Further down are entries; set down exactly and only the lines from the one with "For Yamaha Raptor" up to and including the one with "FluffyAudio – Dominus Choir Pro Download", dropping each picture.

* [RECORD EXTRACTS]:
******
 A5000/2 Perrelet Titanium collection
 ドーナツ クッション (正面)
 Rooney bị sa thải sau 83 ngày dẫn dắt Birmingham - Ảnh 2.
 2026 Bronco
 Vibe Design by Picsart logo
******
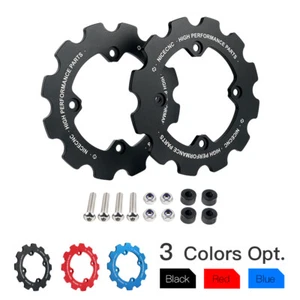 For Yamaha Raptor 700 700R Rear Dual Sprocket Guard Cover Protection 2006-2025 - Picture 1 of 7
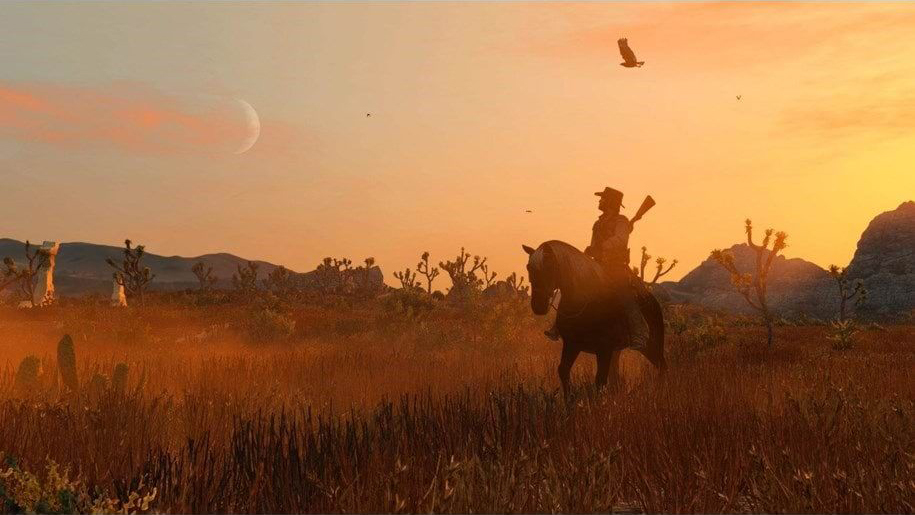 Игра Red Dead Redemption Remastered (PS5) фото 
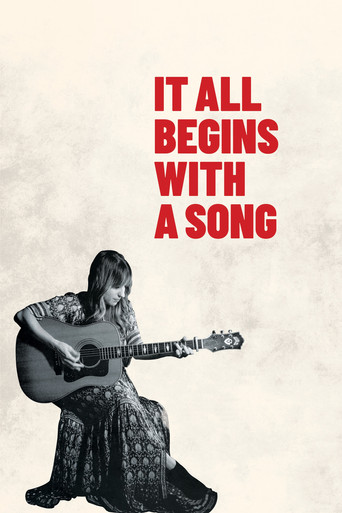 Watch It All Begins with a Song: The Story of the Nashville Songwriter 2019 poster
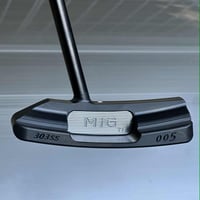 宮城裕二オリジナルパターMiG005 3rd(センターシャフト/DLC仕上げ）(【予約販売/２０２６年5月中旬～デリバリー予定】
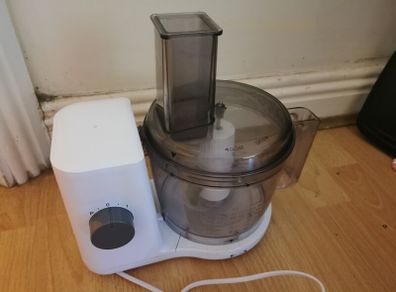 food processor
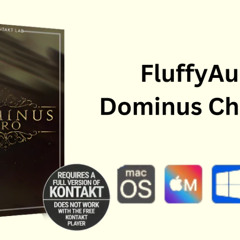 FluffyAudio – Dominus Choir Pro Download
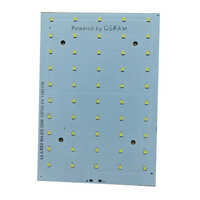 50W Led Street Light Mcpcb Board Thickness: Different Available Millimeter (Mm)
******
* [PROBLEM SOLUTION]:
 For Yamaha Raptor 700 700R Rear Dual Sprocket Guard Cover Protection 2006-2025 - Picture 1 of 7
 Игра Red Dead Redemption Remastered (PS5) фото 
 Watch It All Begins with a Song: The Story of the Nashville Songwriter 2019 poster
 宮城裕二オリジナルパターMiG005 3rd(センターシャフト/DLC仕上げ）(【予約販売/２０２６年5月中旬～デリバリー予定】
 food processor
 FluffyAudio – Dominus Choir Pro Download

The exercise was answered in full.